Title: Racing Bicycles – The Illustrated Story of Road Cycling
Author: Nick Higgins
Publisher: Lawrence King
Order: Lawrence King
What it is: An illustrated cycling miscellany
Weaknesses: The text
If the title of Nick Higgins’s Racing Bicycles suggests to you another techs-mechs book of cycling porn – stripped frames and polished spoke nipples – then try reading it with racing as a verb instead of part of a compound noun. Less the story of bikes upon which people race, Racing Bicycles is the story of people racing bicycles, as well as the story of the bikes upon which they have raced. Or, as its subtitle puts it, it’s “the illustrated story of road cycling.”

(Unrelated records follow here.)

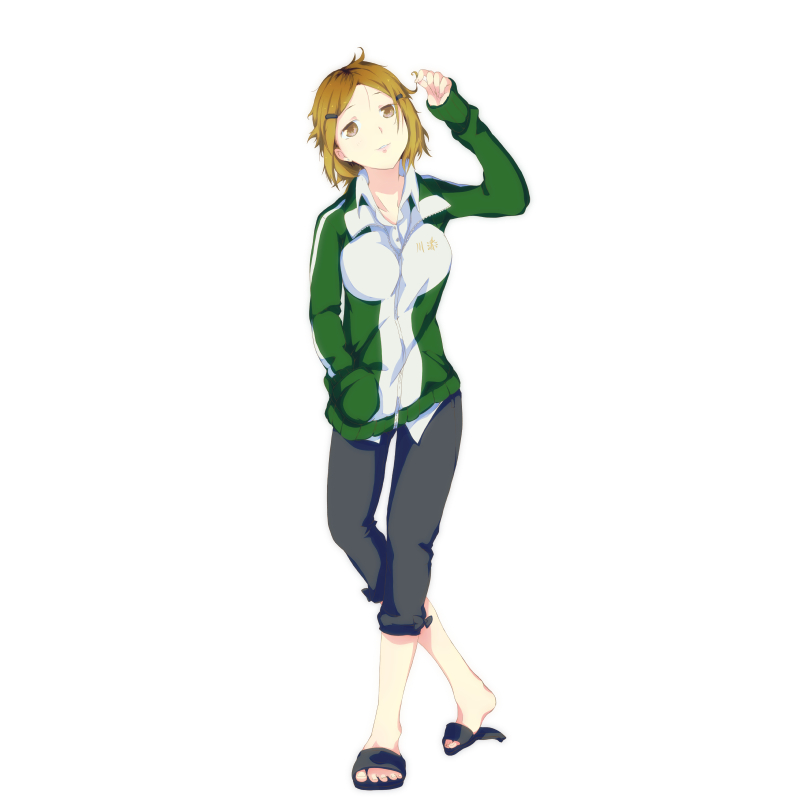 参考イラスト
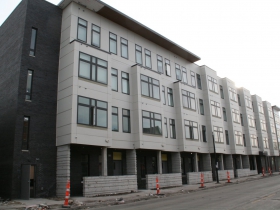 Villard Commons Townhomes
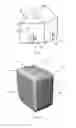Fig. 02 - Doorbell system and doorbell chime
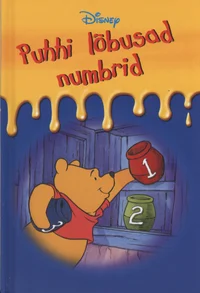 Puhhi lõbusad numbrid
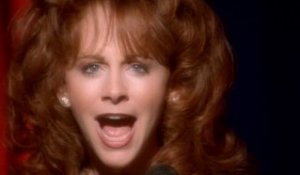 Reba McEntire - On My Own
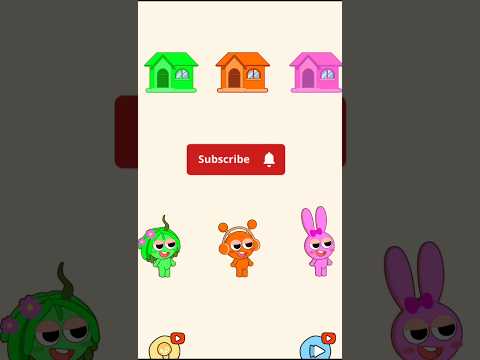 sprunki in different situations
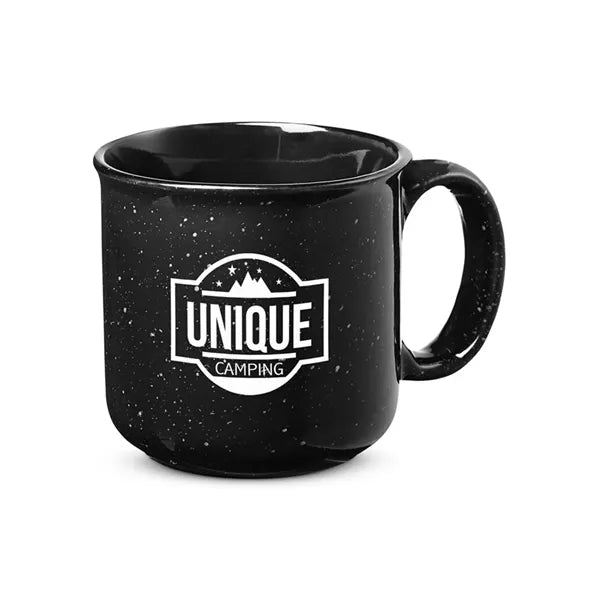 15 oz Campfire Ceramic Mug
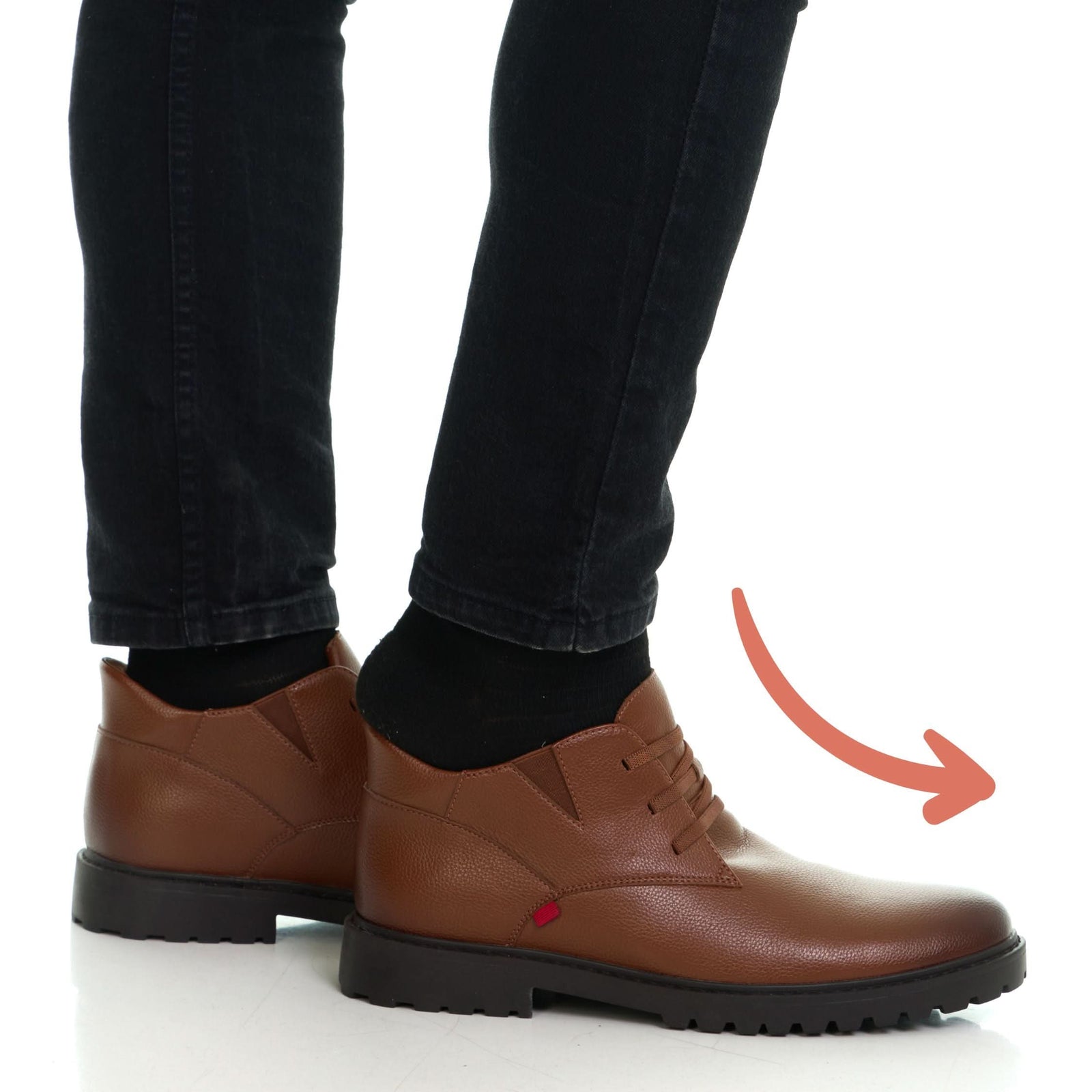 Clark Rd, Men Chukka Boot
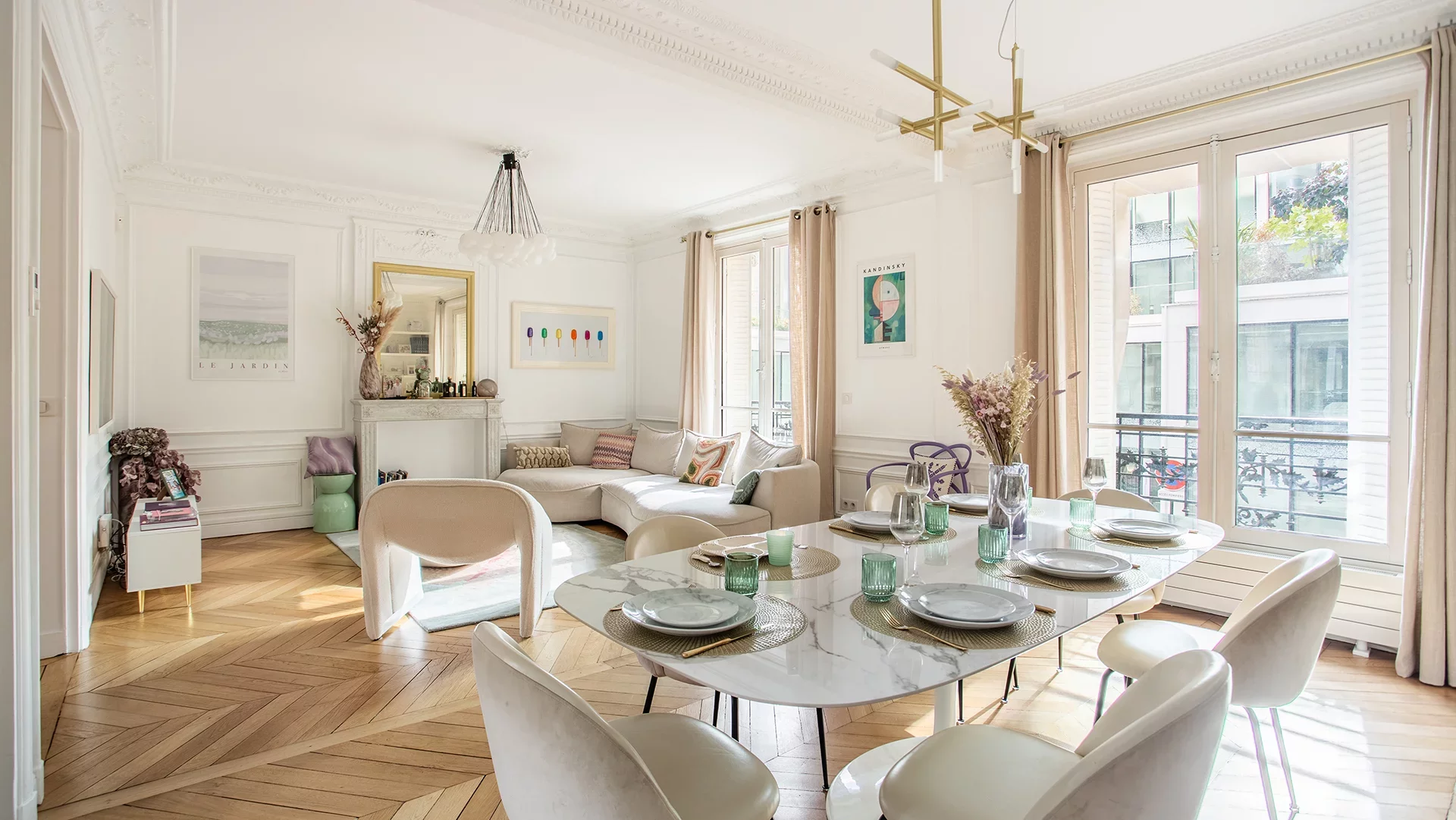 Levallois-Perret - LOUISE MICHEL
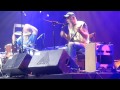 Seasick Steve - Never Go West (live @ Pori Jazz)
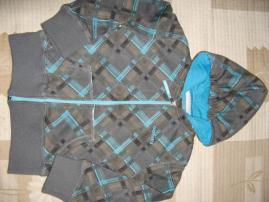 Mikina (2/3)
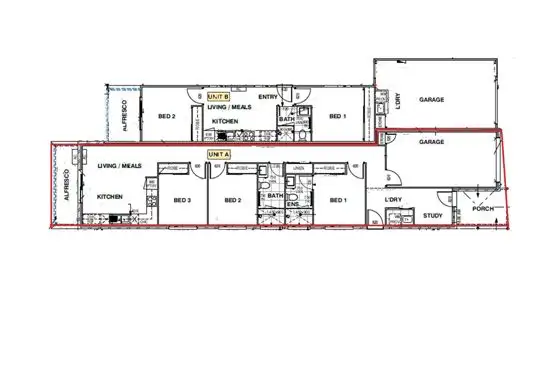 Main view of Homely house listing, 33A Lasek Court, Caboolture QLD 4510
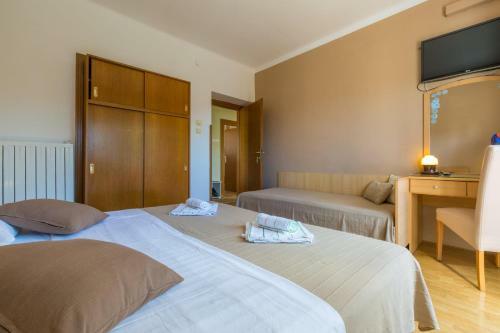 Apartamentos Zupan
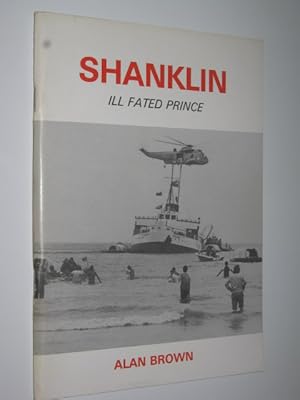 Shanklin: Ill Fated Prince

Being the story of road cycling I’ll quickly toss out a standard question of all such books: why the inclusion of stories from track cycling? Maybe you can get away with Chris Boardman, famous for his Olympic and Hour performances on the track, who also had a bit of a name as a prologue specialist at the Tour de France. But about the only link to road racing I can think of for Major Taylor is that he was once a celebrity guest of honour at the start of one edition of Bordeaux-Paris. And Arthur Zimmerman? I may have noted somewhere earlier this year how often he is overlooked in cycling histories, but should that excuse squeezing a track star into the story of road cycling? About the only way I can think of getting away with that is bigging-up the myth that Arthur Zimmerman really was the grandfather of Urs Zimmerman. Or maybe the great-uncle of Bob Dylan.
As I’m on the subject of standard quibbles with cycling miscellanies, let me quickly run through some of the checklist of things to get wrong:
- Marie Marvingt shadow-riding the 1908 Tour de France? Check.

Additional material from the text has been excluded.